Open Culture: In a recent interview in The Atlantic, you said, “There seems to be a redefinition of our idea of intelligence.” What did you mean by that?
Nicholas Carr: We used to think of the gathering of information as only the first stage of thinking. The second and more important stage was thinking deeply about the information we gathered, connecting it to the other information stored in our heads in order to build personal knowledge and even wisdom. Now, I sense that we’re increasingly defining intelligence as merely the act of gathering – as a matter of “accessing” as much information as possible. We’re beginning to lose sight of the deep thinking stage, which requires concentration, quiet, and a degree of solitude.
Open Culture: Some people have suggested we’re moving inexorably toward a kind of global intelligence, or “hive mind,” in which individual human minds are the worker bees. Given the benefits of collectivization, would that be a bad thing? Perhaps our individual minds are being re-wired for a greater collective intelligence.
Nicholas Carr: What’s interesting about our minds, I believe, is what’s least bee-like about them. I’m not sure what “collective intelligence” means, but if I were to define it I’d say it’s synonymous with “culture.” And culture emanates from many individual minds, working alone or in concert.
Open Culture: Speaking of culture, some of your critics have suggested that behind your argument lies a nostalgia for the days when the literary intelligentsia were the cultural elite. In response to your Atlantic essay, Clary Shirky wrote, “Having lost its actual centrality some time ago, the literary world is now losing its normative hold on culture as well. The threat isn’t that people will stop reading War and Peace. That day is long since past. The threat is that people will stop genuflecting to the idea of reading War and Peace.” How do you respond to that?
Nicholas Carr: I would be lying if I didn’t confess to being saddened by the much-reduced place of literature and literary writers in our culture. I personally see great works of literature – including, yes, Tolstoy’s – as being not only among the most profound achievements of human culture but also deeply inspiring and enlightening on a personal level. Shirky is a very smart man, but I find his comments about literature in general and Tolstoy in particular to be expressions of an apparently fashionable form of philistinism. I have yet to discover anything on the Web that has the emotional and intellectual resonance of, say, Thomas Hardy’s Jude the Obscure or the poems of Robert Frost.
Open Culture: If we are sacrificing our reflective, contemplative faculties, what do you think will be the long-term consequences, both for the quality of individual lives and for society at large?
Nicholas Carr: Well, as the title of my book makes pretty clear, I think we’re shifting toward shallower, less interesting intellectual lives and, more generally, a shallower culture. That doesn’t mean we’re getting dumber or stupider. It means that the emphasis of our thought is shifting away from the more contemplative and solitary modes of thought that I believe give richness and distinctiveness to our thoughts and even our selves.

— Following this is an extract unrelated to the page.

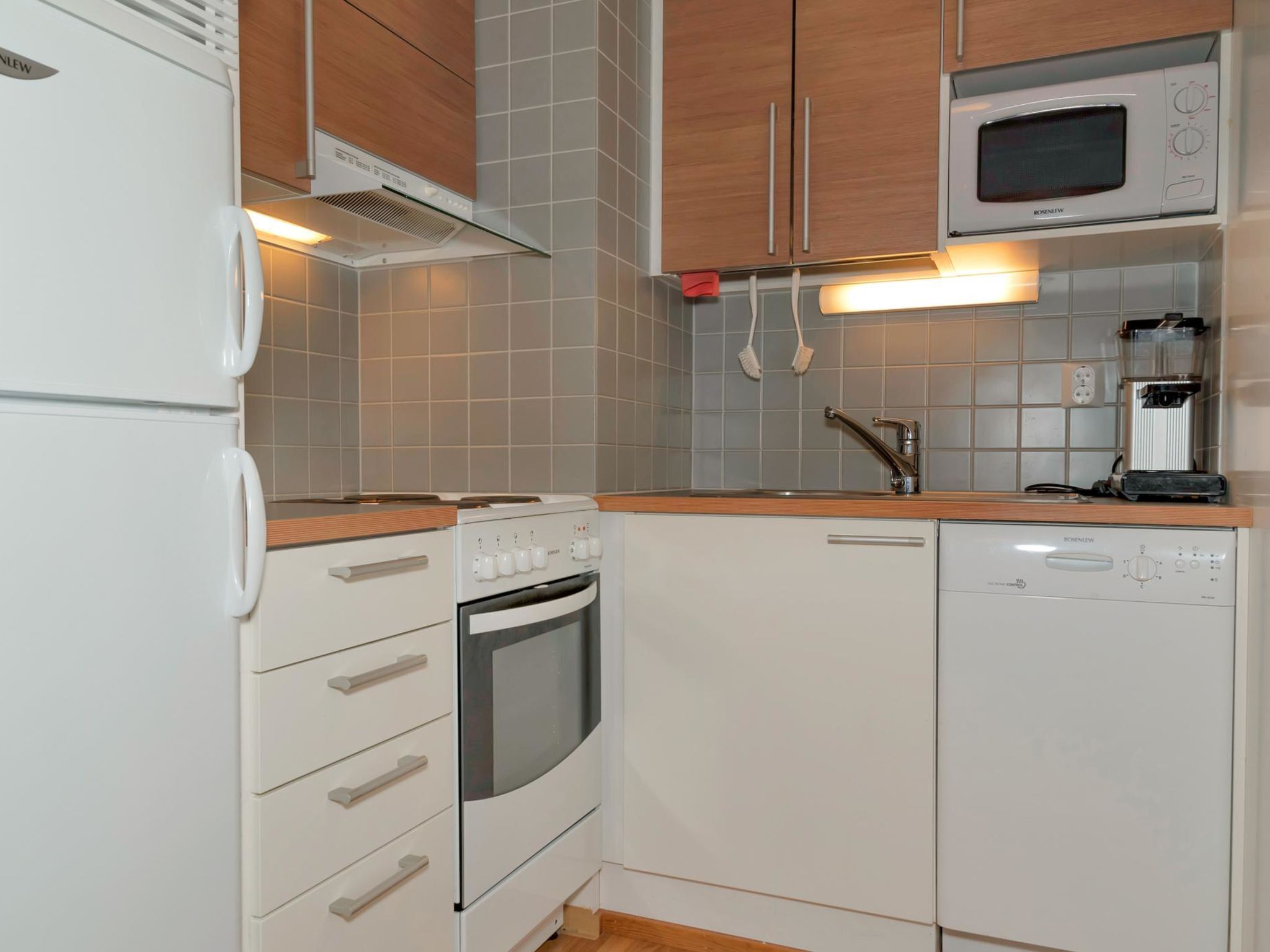 Een koelkast, een magnetron, een vaatwasser, kookgerei, borden en bestek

I fully understand that there are plenty of other people who don’t value the quieter modes of thought and will hence dismiss my concerns, but I think there are many other people who, like me, sense a hollowing out of intellectual life.
Open Culture: Your book is basically descriptive, rather than prescriptive. You don’t offer any solutions. Are you pessimistic?

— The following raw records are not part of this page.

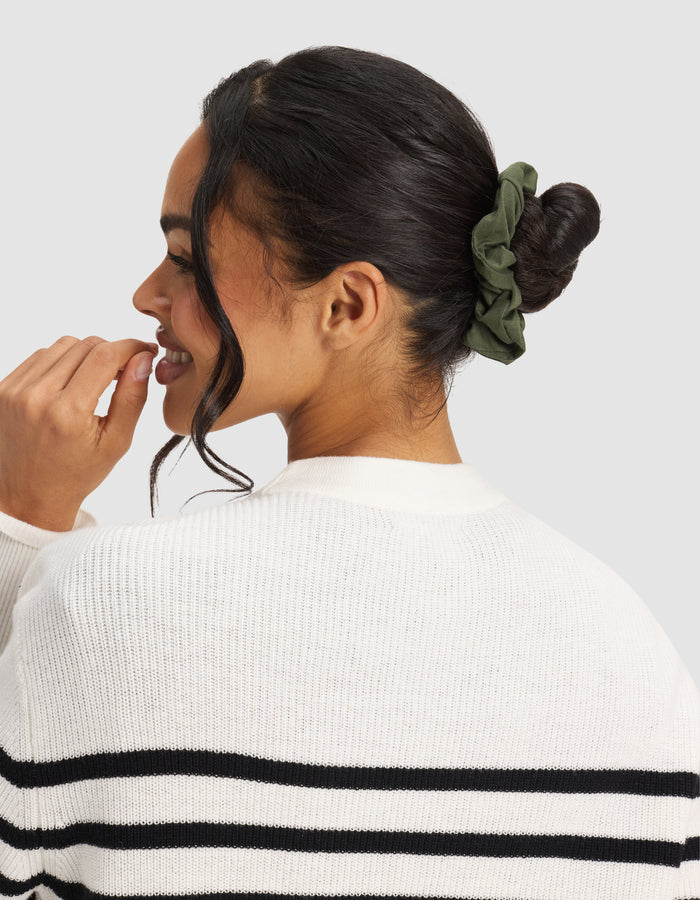 A woman with dark hair in a bun, secured by a Cozy Earth Bamboo Stretch-Knit Scrunchie in olive green, wears a white sweater with black stripes and smiles to the side against a plain background.|Color:Olive/Fern/Heather Grey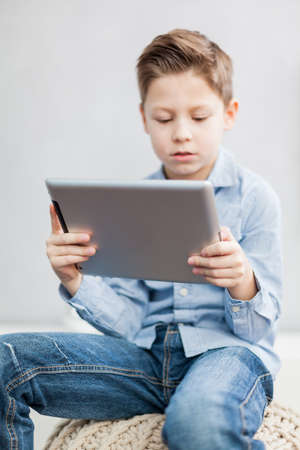 Boy sitting  in the living room using a tablet pc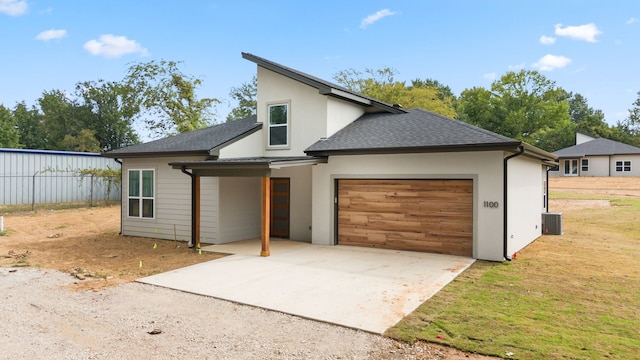 view of front of property featuring central AC and a garage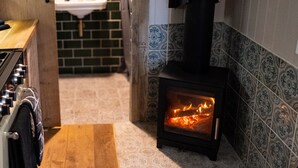 A kitchen with a wood-burning stove, a sink, and patterned tiles. - If you go into the woods today... Off-grid yet comfy, warm and luxurious  (Canterbury)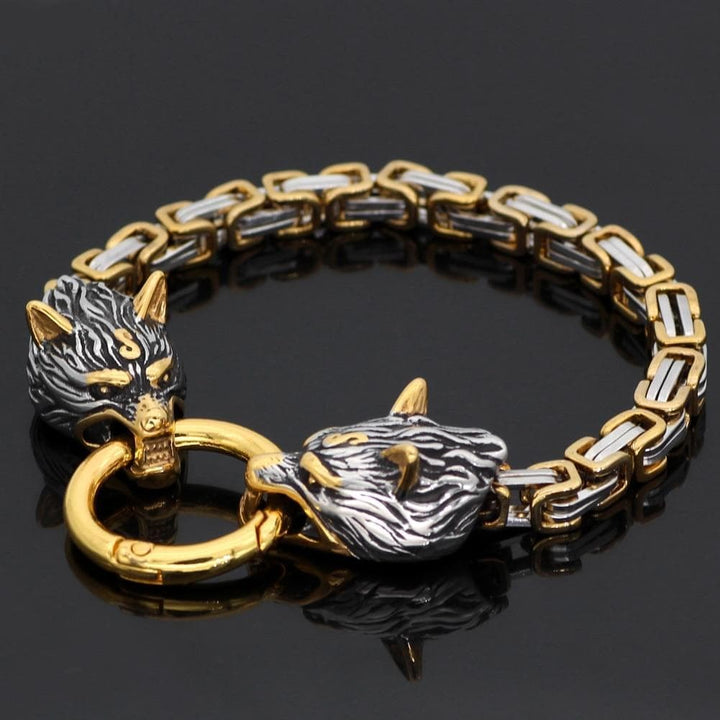 Wolf head bracelet charm links with gold ring clasp on a dark two-tone chain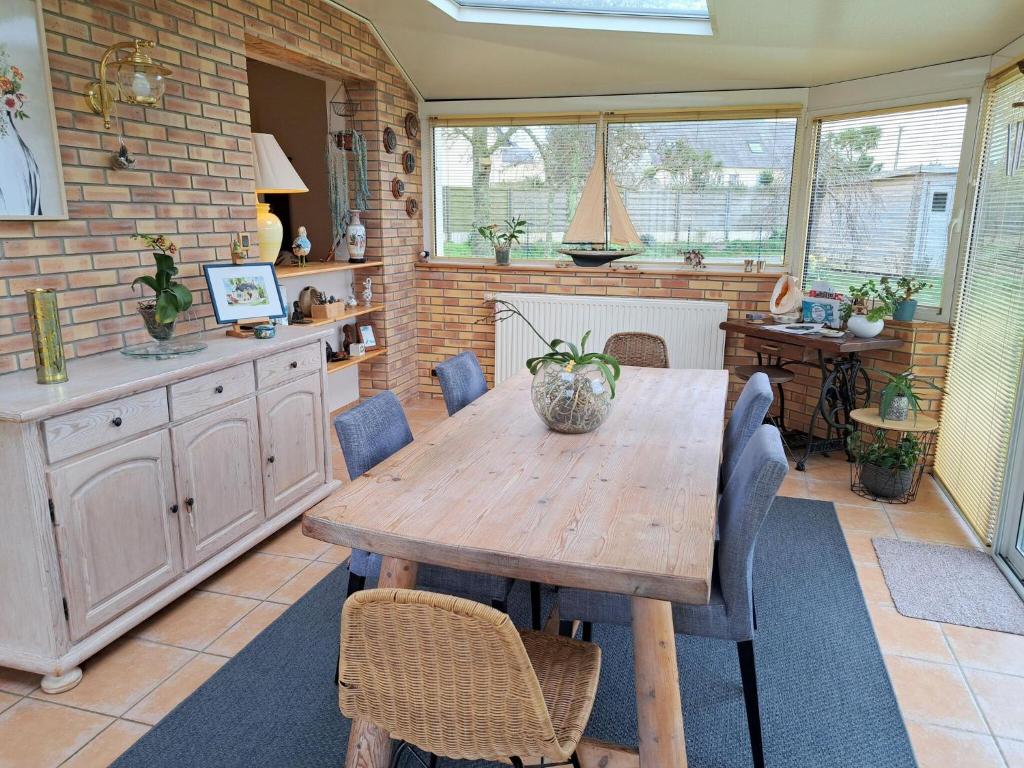 une salle à manger avec une table et des chaises en bois dans l'établissement Holiday Home in St Marguerite near Sandy Beach, à Landéda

Nicholas Carr: I’m not optimistic. But what I’ve tried to do in The Shallows is to describe carefully what I believe is going on, in hopes that it will raise people’s awareness. Raising awareness is the most valuable prescription I can offer as a writer.
Open Culture: In your own life, are you doing anything to combat the problems you describe?

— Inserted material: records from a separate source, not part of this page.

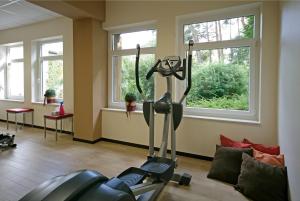 a gym with a treadmill in a room with windows at Boutique Hotel Azul in Möhnesee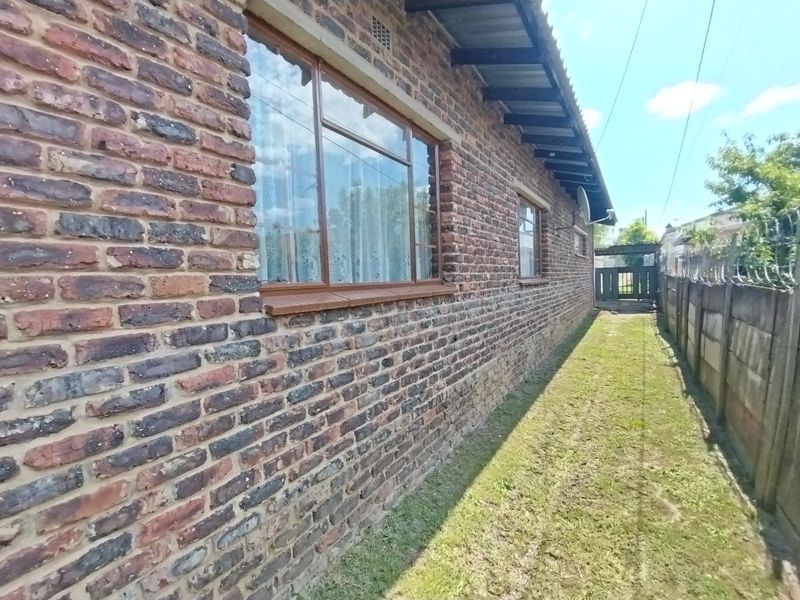 A side view of the property featuring a face brick exterior, steel-framed windows, and a secure boundary wall with razor wire.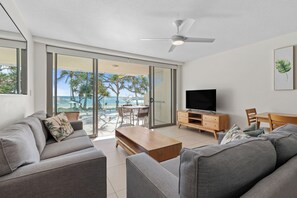 Apartment, 2 Bedrooms, Ground Floor (Direct Beach Access) | Living area | Plasma TV, DVD player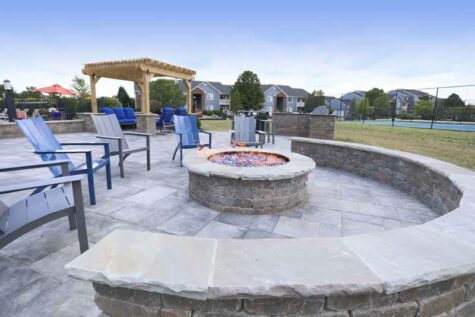 Patio chairs surrounding a stone gas fire pit.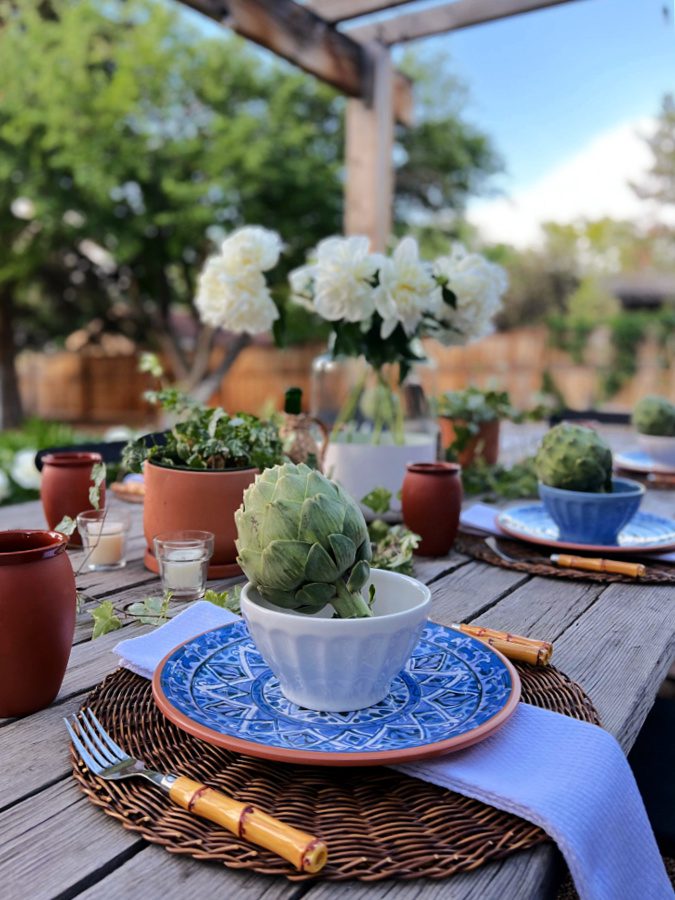 An outdoor table setting featuring blues and terracotta accents.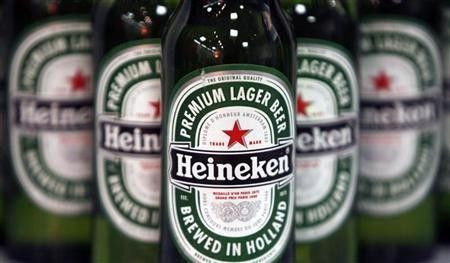 Bottles of Heineken beer are displayed before a news conference in London January 25, 2008.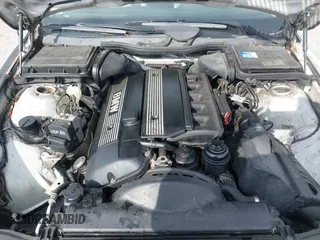 2000 BMW 5 Series 528iA with VIN WBADM6344YGU22084, listed as a IAAI auction lot 41734099 with 249,650 mi miles. Bid and sale history available at carsss.com. Image 10.
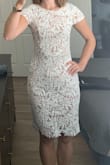 This dress is really pretty! The white part is super soft and the nude underlay is a silkier material. It's form fitting but comfortable. The webbing between the leaves feels delicate, so be careful of handling the dress when you're not wearing it so it doesn't snag on other hangers/clothes. The cut out in the back is really unique and flattering as well! The only part I'm trying to figure out is the seam that runs horizontally under the chest - it makes a visible bump on my dress, but I may just need to adjust the fabric after I put it on. - Mary H.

Nicholas Carr: I’m trying to cut back on my use of the Net. In order to regain the concentration necessary to write my book, I curtailed my use of e-mail, didn’t use my cell phone, dropped my Facebook and Twitter accounts, and mothballed my blog. It helped enormously. My thinking became much calmer and more focused. I have to confess, though, that I’ve been drifting back to my old habits. I haven’t given up the fight, though.
This article was contributed by Mike Springer, a journalist in Cambridge, Massachusetts.